You briefly mention the potential for vehicle-to-grid storage schemes, and I wondered if you had seen this report regarding the undesirability of this approach featuring no less than the chief technology officer of Tesla?
https://cleantechnica.com/2016/08/22/vehicle-to-grid-used-ev-batteries-grid-storage/
actinideage, yes, I saw Shahan’s commentary. I’m also skeptical about some of the claims for V2G, but I’m also conscious that there may be business models that might work. I think the problem with these things is the hype, and we tend to push back against the hype more than the technology. FYI, I discussed EV charging in an earlier paper from 2013 –
At face value, electric vehicles (EV) would seem to have a natural synergy with baseload, which could provide low cost and predictable year-round off-peak power for charging when most vehicles are parked at home, whilst underpinning the load factor for baseload generators in the event of the electrification of the Australian motor car fleet (see chapter 9 [39]).

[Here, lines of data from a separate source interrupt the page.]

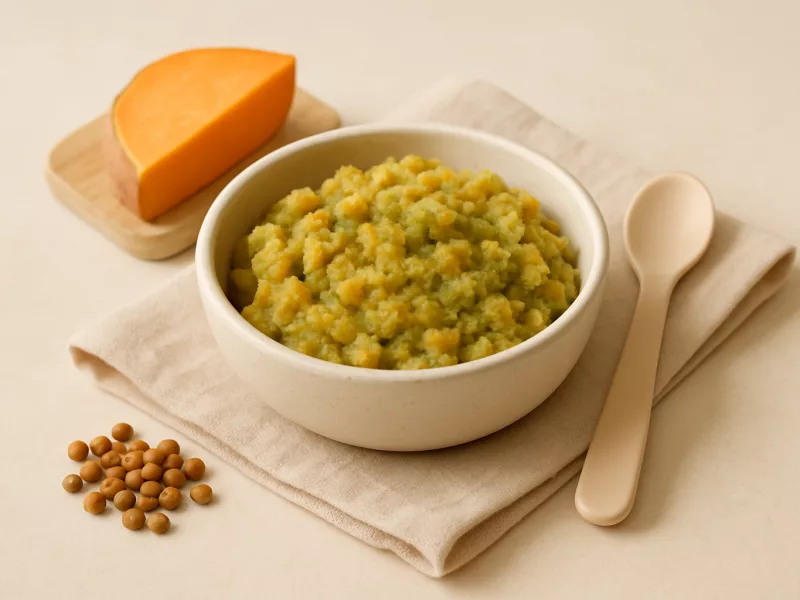 Kom vegetarisch babyhapje met bruine linzen en broccoli, geschikt vanaf 8 maanden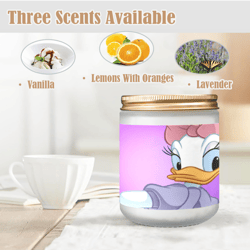 daisy duck candle, soy wax, scented, frosted glass candle cup - large size
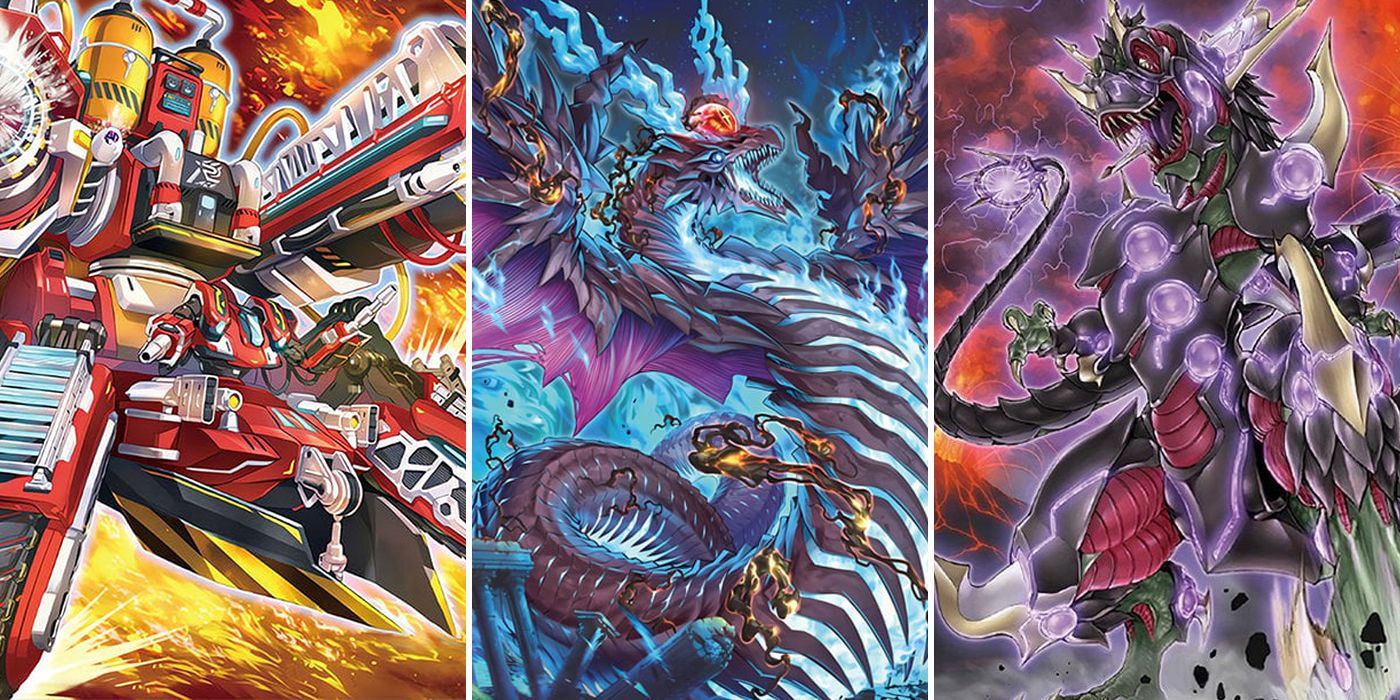 Three panel image of decks that can use Diabellstar - Rescue-ACE (left), Snake-Eyes (middle), Evol Dino (right)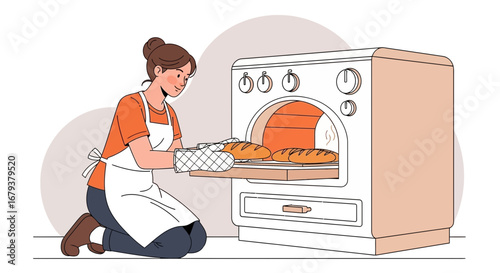 Woman Baking Bread In The Oven With Freshly Baked Loaves Ready To Serve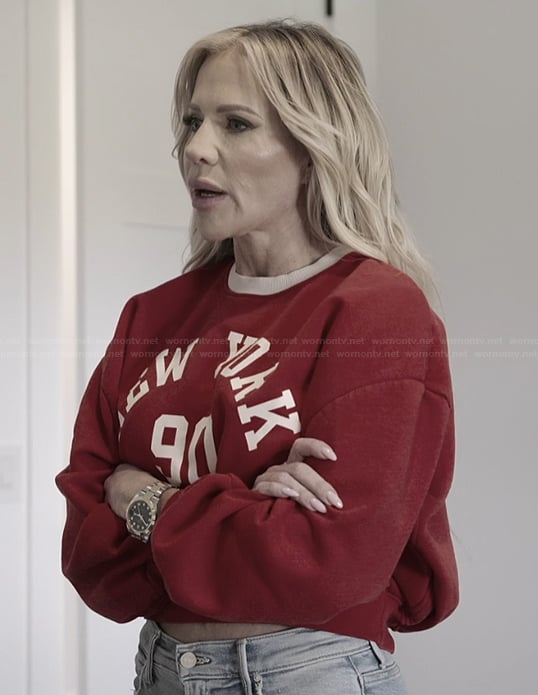 Jennifer’s red sweatshirt and jeans on The Real Housewives of Orange County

Similarly, in regions that have excess wind power at night, the capability of effectively using excess power to charge vehicles may improve the value of wind energy (see Lund and Kempton [40]).
The problem with PV-based V2G is that the available supply will be inversely related to the preferred charging regime (i.e., there will be no PV power available for night time charging when the grid has spare capacity, but during the three or four hours centered on solar noon, few motorists will want to ―fill their tank‖ at the peak daytime tariff). Further, as Trainer [17,41] notes, EV batteries are expensive and their longevity is cycle-limited, so vehicle manufacturers will want to optimise their batteries for maximum driving range at lowest cost in order to produce a marketable vehicle, leaving limited spare capacity available for general grid storage. While V2G will offer a valuable niche role such as network support during critical peak demand events, the sort of integrated role envisaged by Delucchi & Jacobson [10], in which a considerable proportion of system energy is cycled through EV batteries on a daily basis, is probably vastly overstated (see [17] and [42]).
http://www.mdpi.com/2071-1050/5/4/1406